Do Enola Gay à música, o pior das ordens cegas
Em janeiro, logo no primeiro dia de trabalho na Sala Oval, neste seu regresso à Casa Branca, Donald Trump assinou uma série de ordens executivas em que determinou o fim de contratos e apoios prestados por agências federais a programas de DEI(Diversidade, Equidade e Inclusão), ordenando ainda que não os promovam no futuro. No entender do presidente dos Estados Unidos, tais programas constituíam “um enorme desperdício de recursos públicos” e evidenciavam “uma discriminação vergonhosa”, pois todos os americanos mereciam ser tratados “com igual dignidade e respeito”, como se pode ler no texto da ordem executiva. Uma justificação que até faz sentido, não fosse o problema ignorar o estigma racial e de género que ainda persiste em muitas regiões dos EUA, que torna mais difícil a populações desfavorecidas terem, precisamente, o tratamento em pé de igualdade de Trump preconiza.
Um dos mais expeditos a aplicar as novas regras foi o novo secretário da Defesa, Pete Hegseth, que fez chegar instruções ao Pentágono para eliminar dos arquivos públicos imagens e posts que promovam mensagens de diversidade. Isso passou por sinalizar ficheiros que contivessem menções ao género ou à raça, incluindo palavras como “gay”, e, como noticiou a AP, cedo se percebeu que algumas das imagens sinalizadas para apagar eram do bombardeiro B-29 Enola Gay, avião militar dos EUA do qual foi lançada, em 6 de agosto de 1945, a bomba atómica que arrasou a cidade japonesa de Hiroshima. O avião, que é hoje peça de museu, foi batizado em homenagem a Enola Gay Tibbets, mãe de Paul Tibbets. Além do Enola Gay, também foram sinalizadas para apagar imagens de veteranos de guerra com o nome Gay, bem como outras de militares negros, indígenas ou de mulheres que quebraram barreiras de género e são parte da história militar norte-americana precisamente por isso.

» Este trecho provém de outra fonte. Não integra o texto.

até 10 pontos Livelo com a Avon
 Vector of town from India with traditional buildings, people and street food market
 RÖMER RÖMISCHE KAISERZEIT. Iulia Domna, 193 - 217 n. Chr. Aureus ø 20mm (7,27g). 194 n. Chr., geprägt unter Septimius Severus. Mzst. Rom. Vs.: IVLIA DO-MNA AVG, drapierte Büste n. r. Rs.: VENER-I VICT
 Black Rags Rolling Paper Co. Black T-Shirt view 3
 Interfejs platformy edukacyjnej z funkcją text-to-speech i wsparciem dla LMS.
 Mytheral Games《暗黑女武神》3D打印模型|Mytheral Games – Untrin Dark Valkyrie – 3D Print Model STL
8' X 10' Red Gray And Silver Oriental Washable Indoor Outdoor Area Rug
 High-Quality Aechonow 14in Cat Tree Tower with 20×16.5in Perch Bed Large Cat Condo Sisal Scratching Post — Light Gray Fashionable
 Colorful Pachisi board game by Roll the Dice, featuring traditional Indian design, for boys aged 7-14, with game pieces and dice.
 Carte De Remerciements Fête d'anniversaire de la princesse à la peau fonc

A aplicação cega deste conjunto de regras tem resultado em episódios caricatos e injustos, mas também em alguns casos quase desumanos. O programa 60 Minutes, da CBS, revelou domingo uma dessas situações. Em 2024, a Marinha norte-americana promoveu, em conjunto com a ONG Equity Arc (faz mentoria e presta apoio a jovens músicos de minorias étnicas), um projeto que dava a oportunidade a um grupo de adolescentes, de diversas origens, de tocar com a banda daquele ramo militar. Os candidatos foram selecionados através de audições e o concerto estava marcado para maio. No entanto, após a ordem executiva de Trump seria cancelado, quando os jovens já ensaiavam há quase um ano. Foi então que vários músicos e antigos militares que passaram pela banda da Marinha se juntaram para trabalhar com estes jovens. O 60 Minutes fez a reportagem e gravou toda a atuação. Como notou o jornalista Scott Pelley, este concerto acabou por ser visto por milhões em vez de ter apenas umas centenas de pessoas a assistir na plateia. A solidariedade pode ter ganho esta batalha perante a cegueira ideológica. Mas esta guerra está em curso e tal, como num conflito militar, haverá sempre muitos inocentes entre as vítimas.